What is being asked » Repeat each entry exactly and drop the pictures.

Records for this exercise »
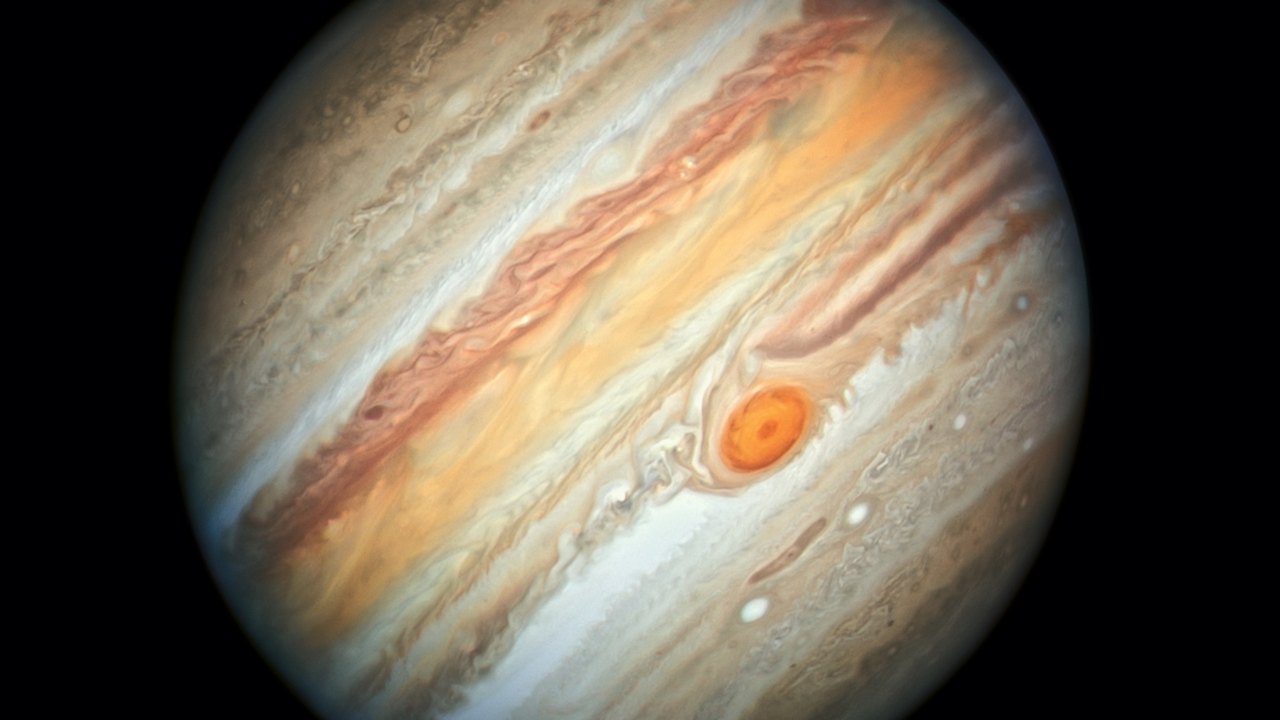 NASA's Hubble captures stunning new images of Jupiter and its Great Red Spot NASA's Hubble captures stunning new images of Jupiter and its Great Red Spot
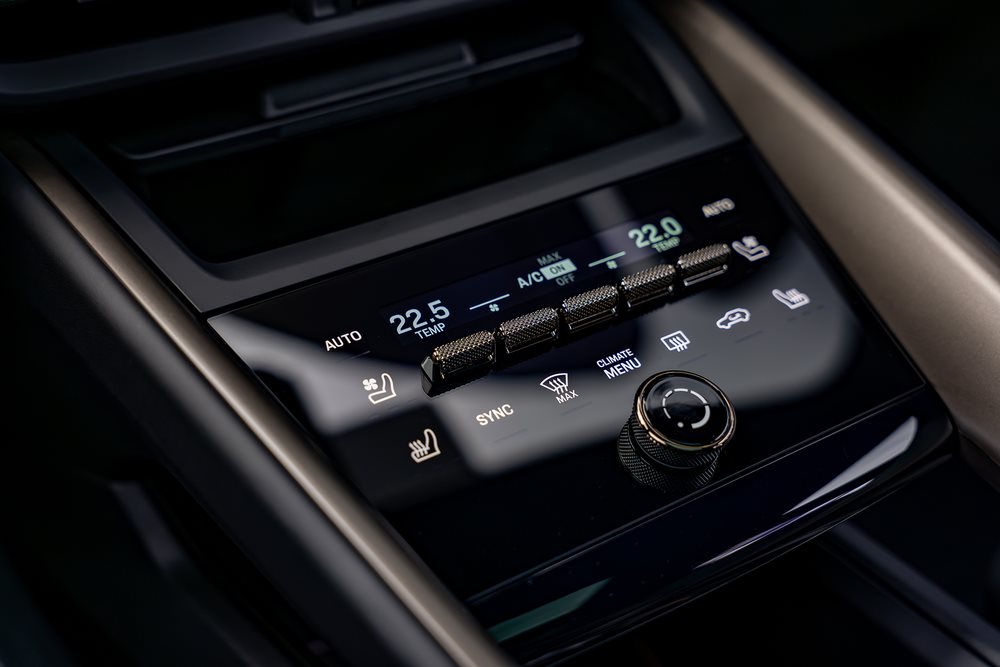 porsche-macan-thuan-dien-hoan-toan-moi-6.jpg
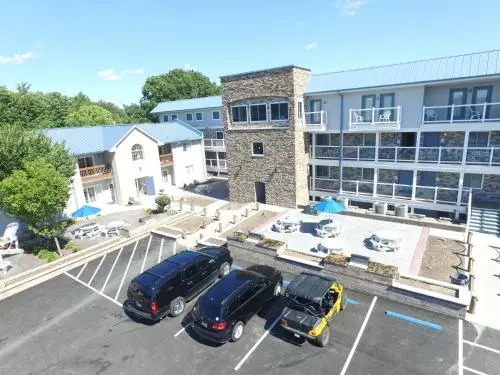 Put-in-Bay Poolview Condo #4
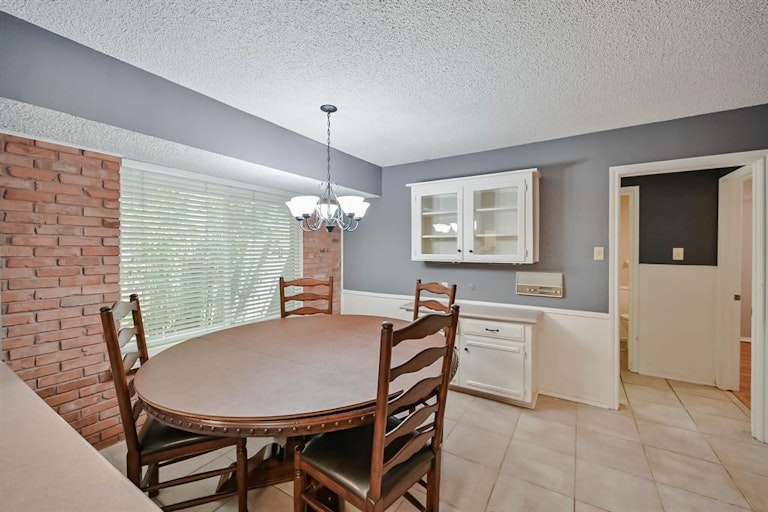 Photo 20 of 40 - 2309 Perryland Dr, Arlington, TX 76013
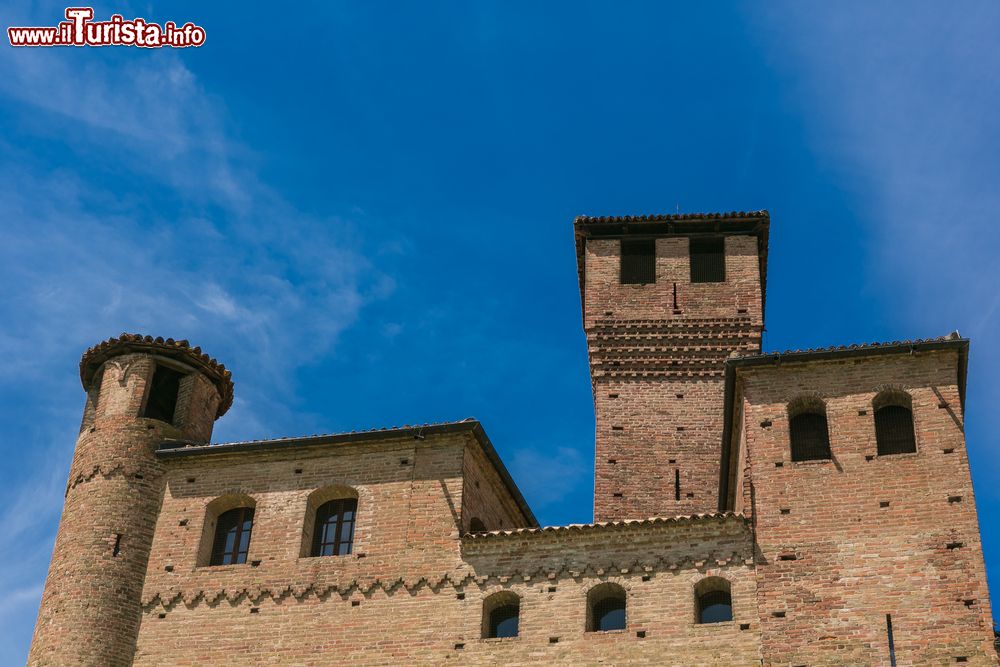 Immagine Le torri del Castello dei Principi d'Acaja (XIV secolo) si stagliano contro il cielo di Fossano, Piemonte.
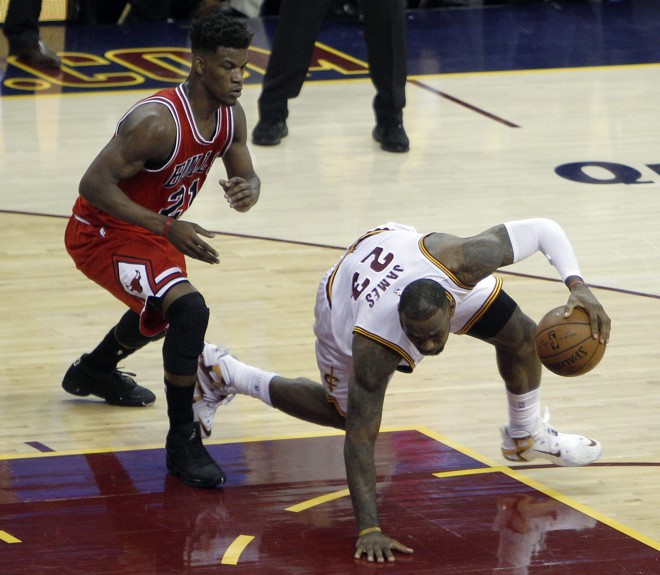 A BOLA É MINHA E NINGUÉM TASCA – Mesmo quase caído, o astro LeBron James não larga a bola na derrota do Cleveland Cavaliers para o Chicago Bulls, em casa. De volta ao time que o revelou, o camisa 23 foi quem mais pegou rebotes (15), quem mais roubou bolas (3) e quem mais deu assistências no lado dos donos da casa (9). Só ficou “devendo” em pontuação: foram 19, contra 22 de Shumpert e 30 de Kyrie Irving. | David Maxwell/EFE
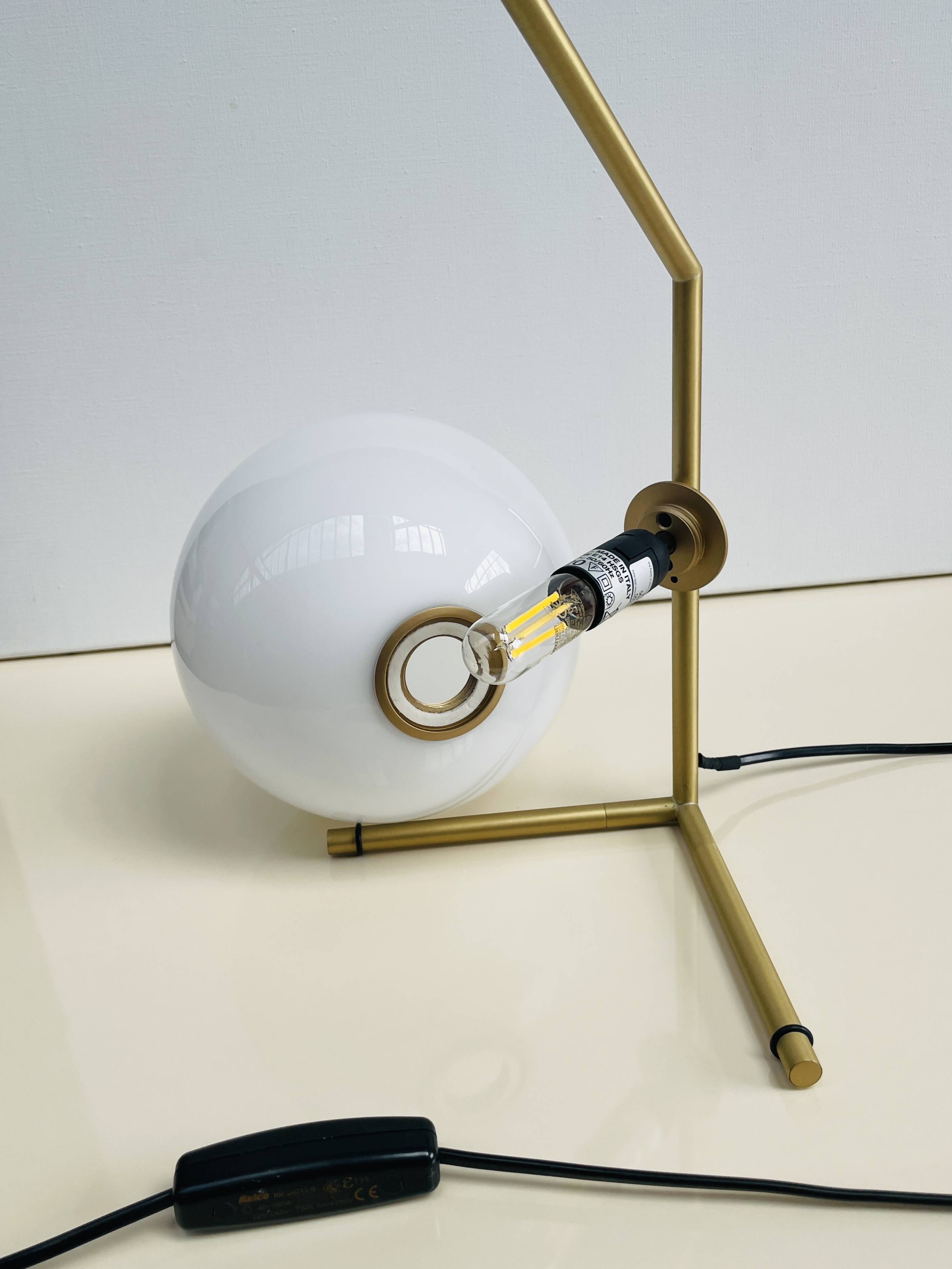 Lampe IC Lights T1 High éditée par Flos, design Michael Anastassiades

Answer space »
 NASA's Hubble captures stunning new images of Jupiter and its Great Red Spot NASA's Hubble captures stunning new images of Jupiter and its Great Red Spot
 porsche-macan-thuan-dien-hoan-toan-moi-6.jpg
 Put-in-Bay Poolview Condo #4
 Photo 20 of 40 - 2309 Perryland Dr, Arlington, TX 76013
 Immagine Le torri del Castello dei Principi d'Acaja (XIV secolo) si stagliano contro il cielo di Fossano, Piemonte.
 A BOLA É MINHA E NINGUÉM TASCA – Mesmo quase caído, o astro LeBron James não larga a bola na derrota do Cleveland Cavaliers para o Chicago Bulls, em casa. De volta ao time que o revelou, o camisa 23 foi quem mais pegou rebotes (15), quem mais roubou bolas (3) e quem mais deu assistências no lado dos donos da casa (9). Só ficou “devendo” em pontuação: foram 19, contra 22 de Shumpert e 30 de Kyrie Irving. | David Maxwell/EFE
 Lampe IC Lights T1 High éditée par Flos, design Michael Anastassiades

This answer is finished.